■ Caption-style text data
################

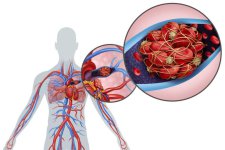 Pulmonary-embolism-768x512.jpg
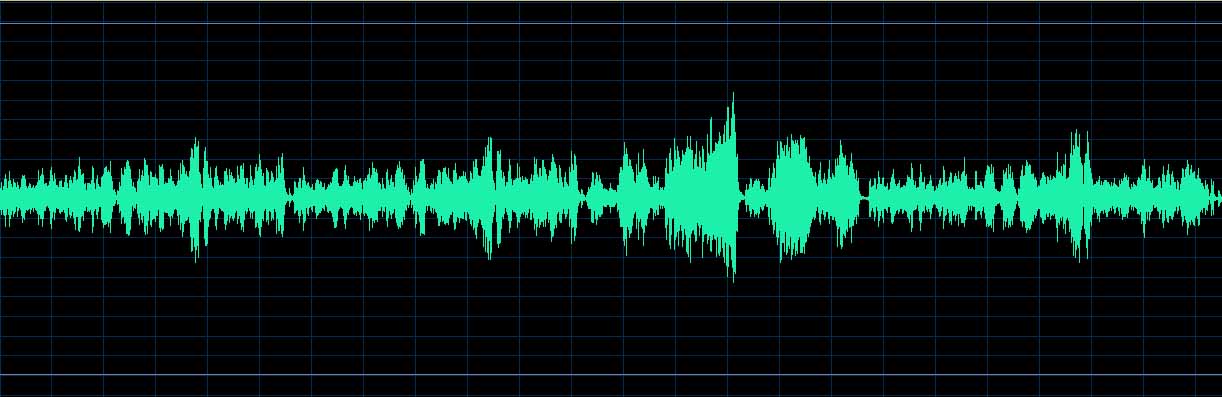O’Conor waveform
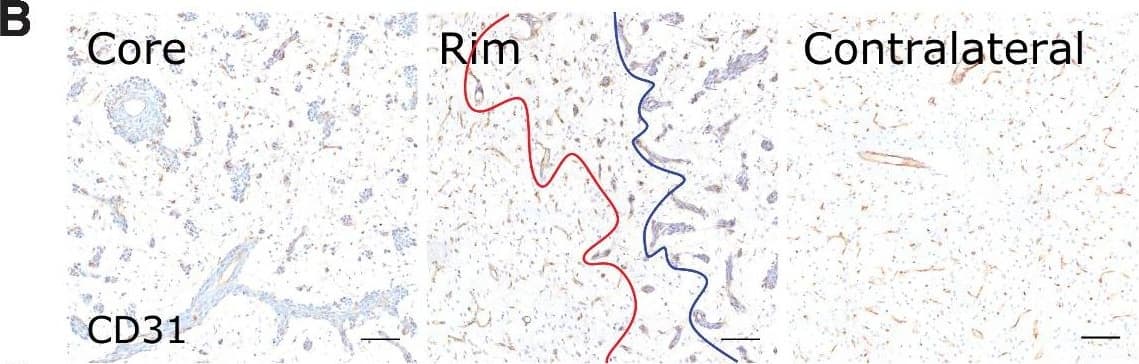 Detection of Mouse CD31/PECAM-1 by Immunohistochemistry
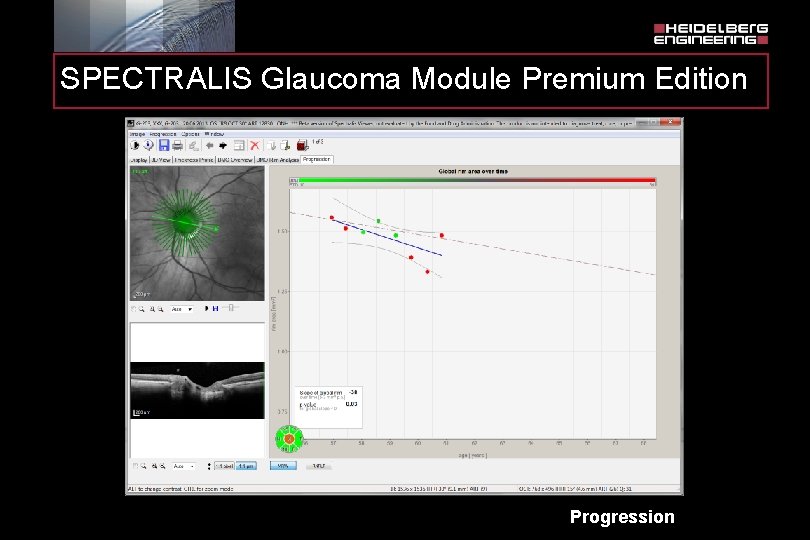 SPECTRALIS Glaucoma Module Premium Edition Progression 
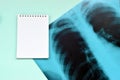 X-Ray film image of human chest for a medical diagnosis and empty blank notepad page on blue hospital table. Flat lay top view Royalty Free Stock Photo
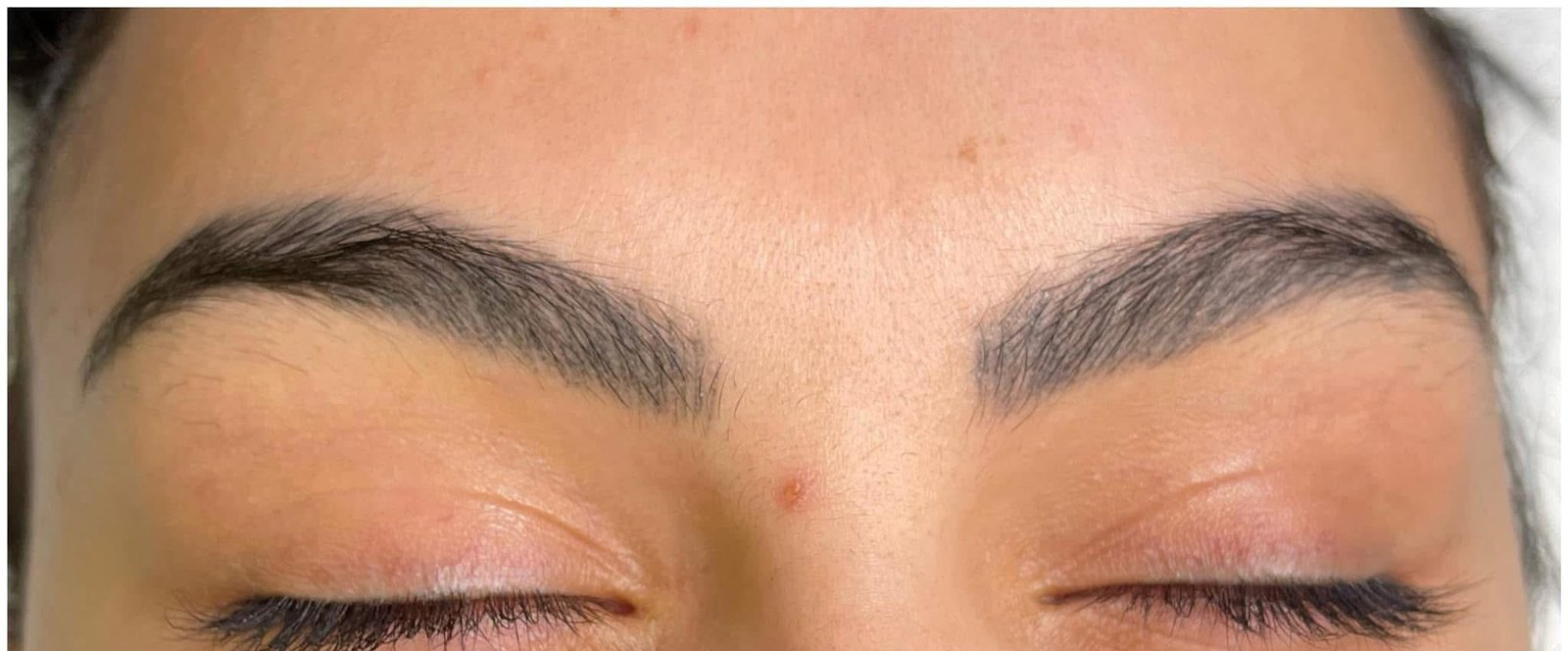 Real client before eyebrow tattoo removal: dense dark microblading pigment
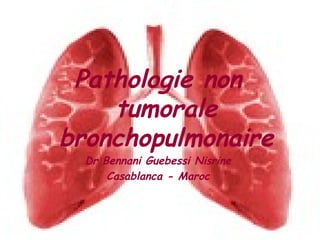 Pathologie non tumorale bronchopulmonaire Dr Bennani Guebessi Nisrine Casablanca - Maroc 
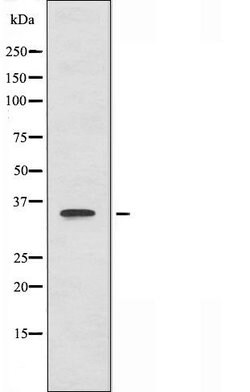 Invitrogen B3GALT1 Polyclonal Antibody 100 &mu;L; Unconjugated:Antibodies,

################

■ What this task involves
Give again, word for word, only the lines that run from the top of the data above through the line with "Real client before". Drop the pictures.

■ Output for this task
 Pulmonary-embolism-768x512.jpg
O’Conor waveform
 Detection of Mouse CD31/PECAM-1 by Immunohistochemistry
 SPECTRALIS Glaucoma Module Premium Edition Progression 
 X-Ray film image of human chest for a medical diagnosis and empty blank notepad page on blue hospital table. Flat lay top view Royalty Free Stock Photo
 Real client before eyebrow tattoo removal: dense dark microblading pigment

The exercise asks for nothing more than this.